[[ Available data open ]]

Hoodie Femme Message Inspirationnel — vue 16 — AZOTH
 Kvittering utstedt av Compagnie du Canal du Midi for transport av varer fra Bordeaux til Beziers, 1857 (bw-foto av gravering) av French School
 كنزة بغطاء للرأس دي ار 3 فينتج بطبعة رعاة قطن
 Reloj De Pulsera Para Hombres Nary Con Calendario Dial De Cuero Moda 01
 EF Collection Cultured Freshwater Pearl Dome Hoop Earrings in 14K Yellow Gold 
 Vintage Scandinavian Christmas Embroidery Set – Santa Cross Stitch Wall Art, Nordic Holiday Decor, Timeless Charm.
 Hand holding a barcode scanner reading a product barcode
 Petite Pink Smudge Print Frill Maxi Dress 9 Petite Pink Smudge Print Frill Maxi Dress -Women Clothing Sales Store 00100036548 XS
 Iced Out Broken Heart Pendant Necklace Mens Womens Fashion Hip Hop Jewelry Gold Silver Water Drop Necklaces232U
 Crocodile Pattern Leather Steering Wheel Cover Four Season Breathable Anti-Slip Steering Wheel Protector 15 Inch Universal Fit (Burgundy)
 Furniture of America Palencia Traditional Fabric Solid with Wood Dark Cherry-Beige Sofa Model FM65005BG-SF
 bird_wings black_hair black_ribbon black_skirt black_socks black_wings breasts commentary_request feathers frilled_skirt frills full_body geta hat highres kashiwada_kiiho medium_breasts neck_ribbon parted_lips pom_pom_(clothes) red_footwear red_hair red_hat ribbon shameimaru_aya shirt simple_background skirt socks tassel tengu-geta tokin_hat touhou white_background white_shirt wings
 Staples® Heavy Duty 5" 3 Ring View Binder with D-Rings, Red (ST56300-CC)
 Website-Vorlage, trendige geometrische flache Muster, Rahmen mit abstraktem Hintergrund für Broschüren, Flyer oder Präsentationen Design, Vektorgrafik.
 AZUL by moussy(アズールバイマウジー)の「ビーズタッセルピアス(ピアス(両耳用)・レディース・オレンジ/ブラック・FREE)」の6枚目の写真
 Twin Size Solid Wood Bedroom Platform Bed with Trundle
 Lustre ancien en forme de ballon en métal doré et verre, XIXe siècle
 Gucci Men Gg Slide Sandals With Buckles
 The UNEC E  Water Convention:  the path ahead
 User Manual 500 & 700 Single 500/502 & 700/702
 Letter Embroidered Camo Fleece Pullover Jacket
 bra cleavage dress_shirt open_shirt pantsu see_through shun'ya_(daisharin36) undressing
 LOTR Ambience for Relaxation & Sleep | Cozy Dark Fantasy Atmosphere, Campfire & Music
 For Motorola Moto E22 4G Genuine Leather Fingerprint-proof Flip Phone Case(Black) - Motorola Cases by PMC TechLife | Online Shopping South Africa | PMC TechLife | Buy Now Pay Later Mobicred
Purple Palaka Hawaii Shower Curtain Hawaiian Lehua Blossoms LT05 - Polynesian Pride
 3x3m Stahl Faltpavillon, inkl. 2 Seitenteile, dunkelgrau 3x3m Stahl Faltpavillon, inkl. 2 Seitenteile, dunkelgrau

[[ Available data closed ]]

*Brief*: Nothing but lines that contain "Dark" should appear in the answer. Copy each from the records.

*The completed task*:
 Furniture of America Palencia Traditional Fabric Solid with Wood Dark Cherry-Beige Sofa Model FM65005BG-SF
 LOTR Ambience for Relaxation & Sleep | Cozy Dark Fantasy Atmosphere, Campfire & Music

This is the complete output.